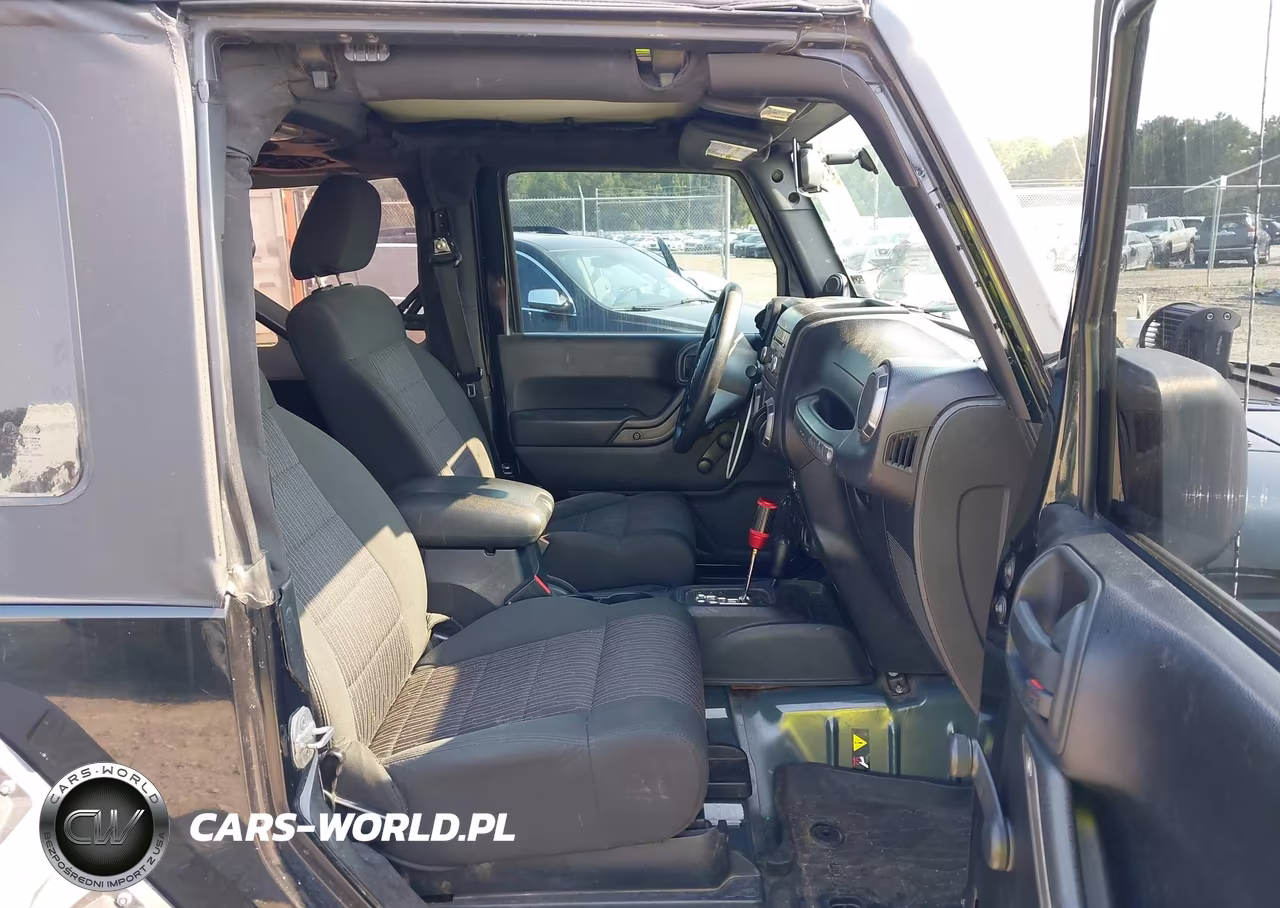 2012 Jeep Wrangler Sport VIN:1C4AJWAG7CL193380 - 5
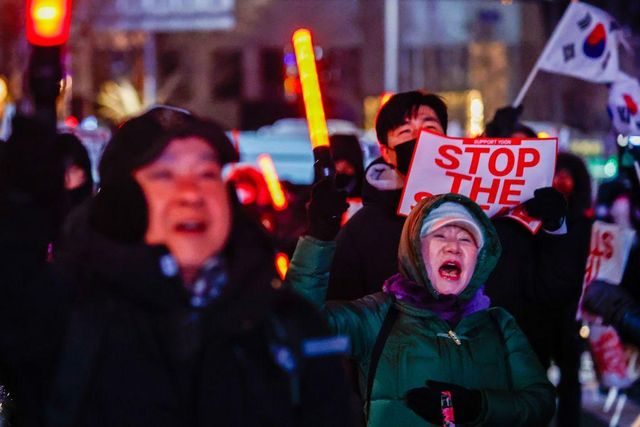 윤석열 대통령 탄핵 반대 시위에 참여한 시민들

----------------

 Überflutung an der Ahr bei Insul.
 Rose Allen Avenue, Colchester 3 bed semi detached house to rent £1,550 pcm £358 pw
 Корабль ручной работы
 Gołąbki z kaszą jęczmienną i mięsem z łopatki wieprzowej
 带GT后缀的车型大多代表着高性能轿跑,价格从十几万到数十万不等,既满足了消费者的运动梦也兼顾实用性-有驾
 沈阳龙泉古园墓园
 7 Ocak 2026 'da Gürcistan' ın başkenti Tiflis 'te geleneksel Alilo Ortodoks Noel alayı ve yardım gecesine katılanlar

----------------

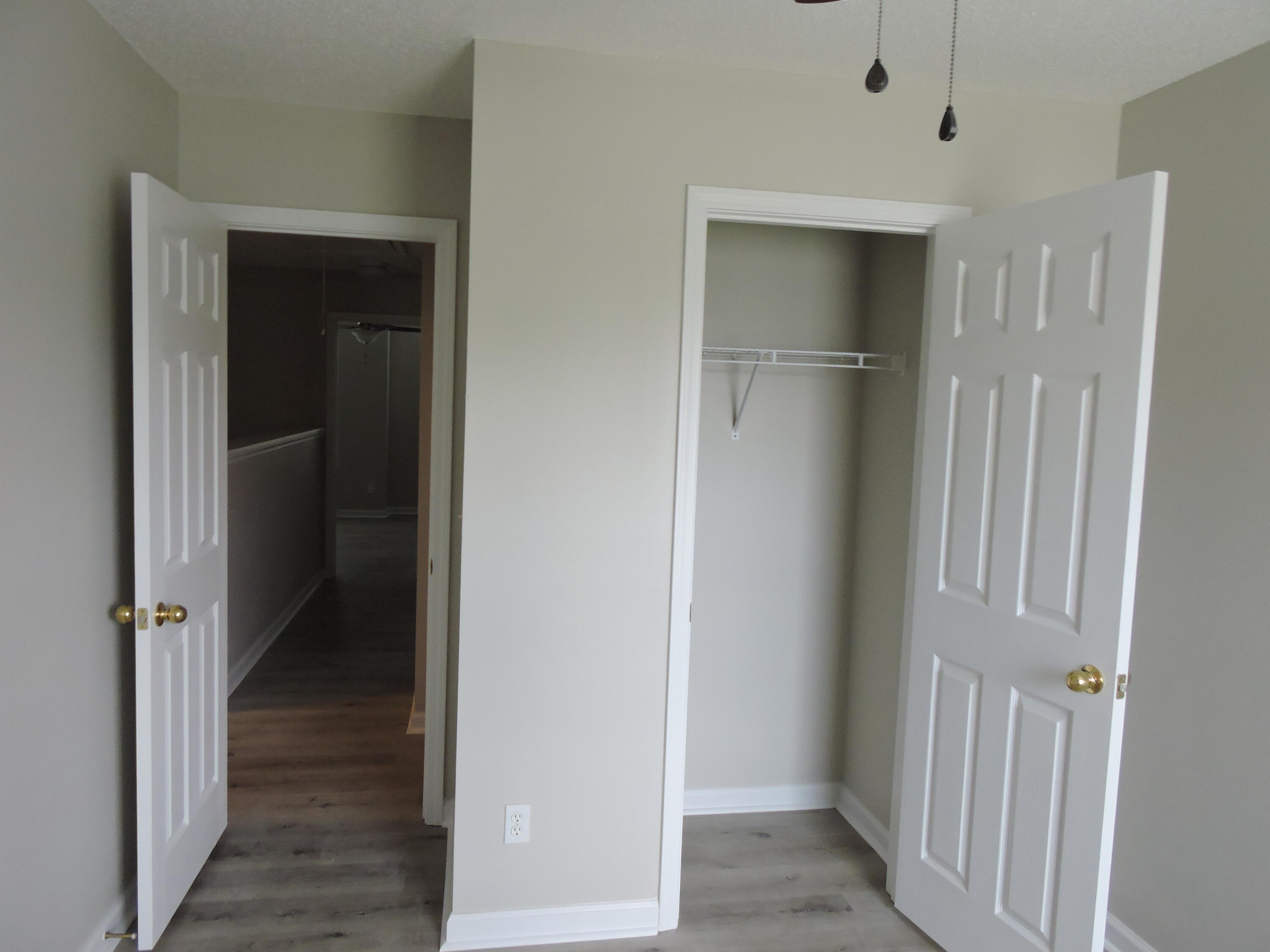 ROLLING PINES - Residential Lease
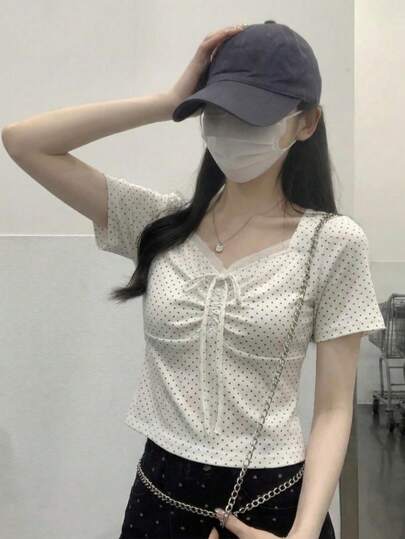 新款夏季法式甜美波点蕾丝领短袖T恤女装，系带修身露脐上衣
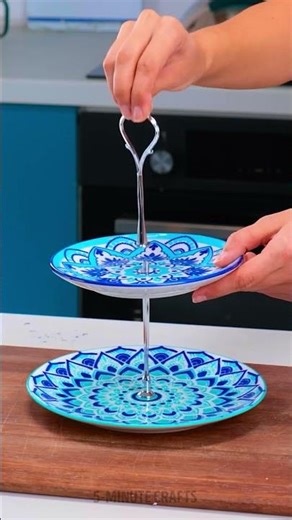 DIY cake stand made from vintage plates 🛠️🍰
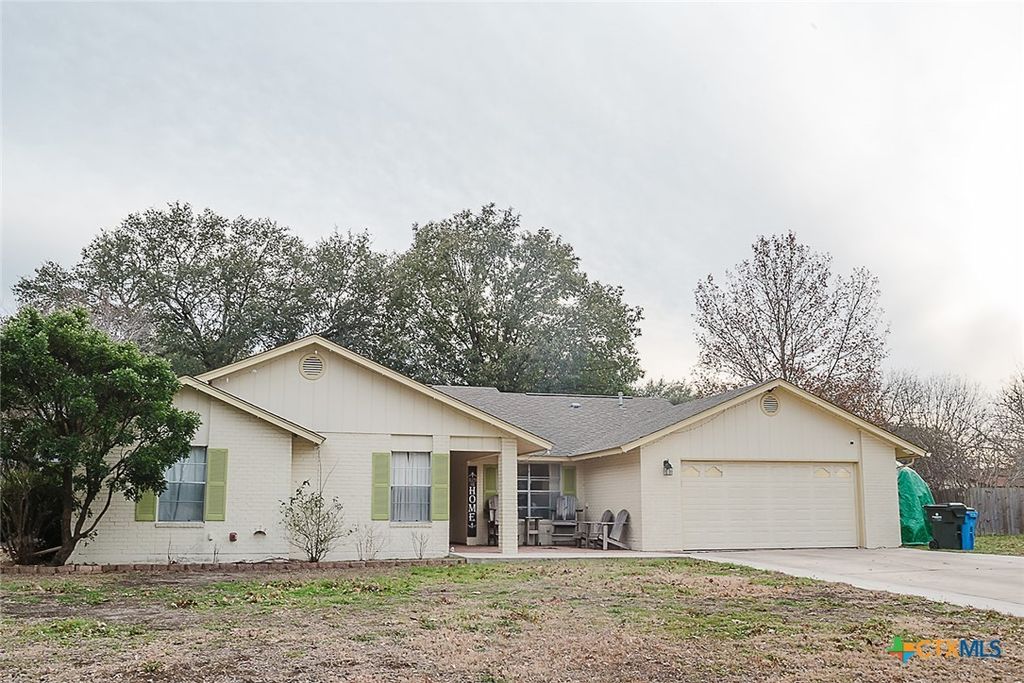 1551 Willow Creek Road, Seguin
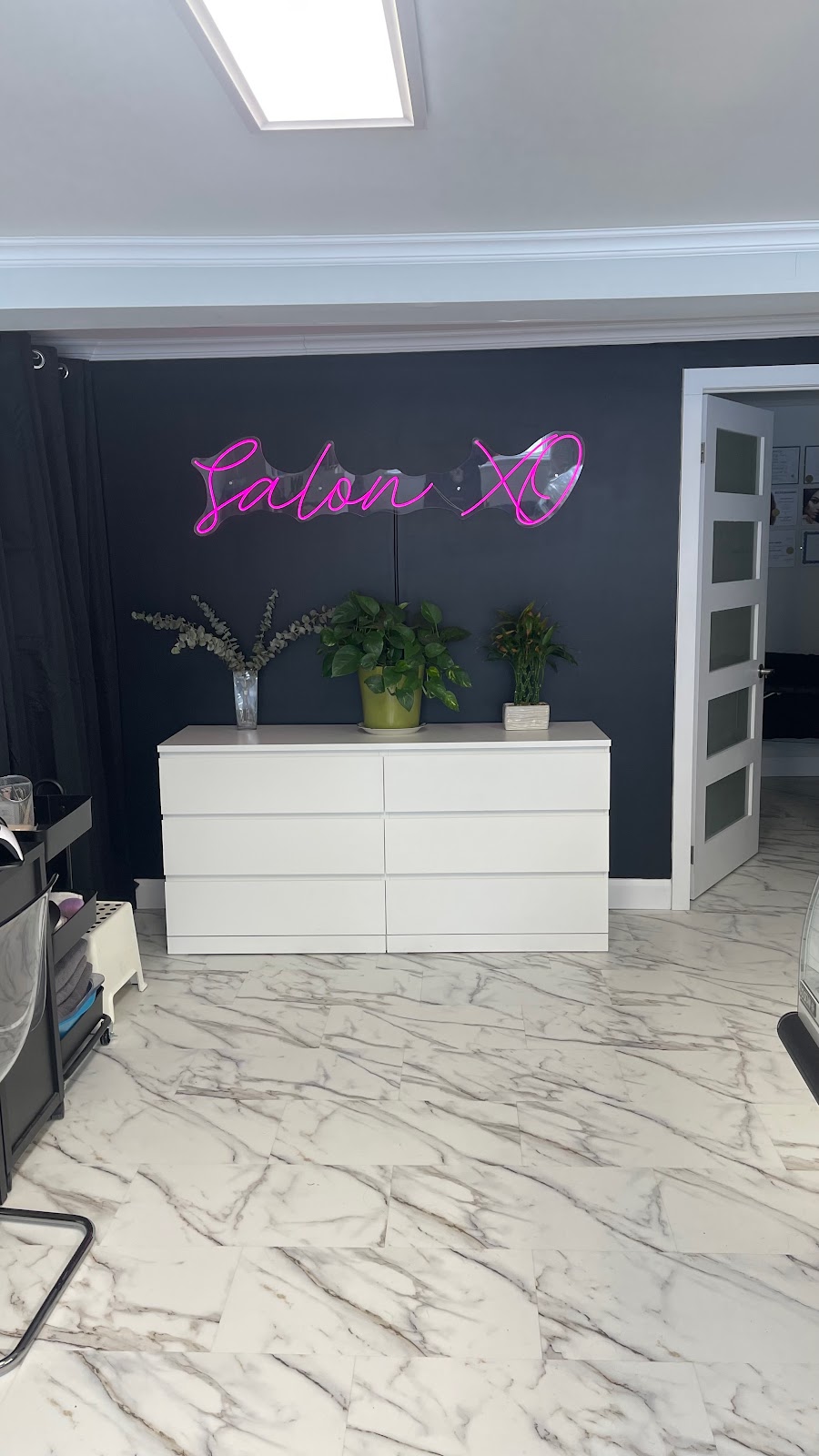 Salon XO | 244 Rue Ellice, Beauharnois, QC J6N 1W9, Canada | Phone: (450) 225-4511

----------------

WHAT YOU ARE ASKED TO DO →
Reproducing the whole listing above is not the task. Copy exactly only the lines from the one with "Gołąbki z kaszą" to the one with "7 Ocak 2026", both kept.

RESULT FOR THIS EXERCISE →
 Gołąbki z kaszą jęczmienną i mięsem z łopatki wieprzowej
 带GT后缀的车型大多代表着高性能轿跑,价格从十几万到数十万不等,既满足了消费者的运动梦也兼顾实用性-有驾
 沈阳龙泉古园墓园
 7 Ocak 2026 'da Gürcistan' ın başkenti Tiflis 'te geleneksel Alilo Ortodoks Noel alayı ve yardım gecesine katılanlar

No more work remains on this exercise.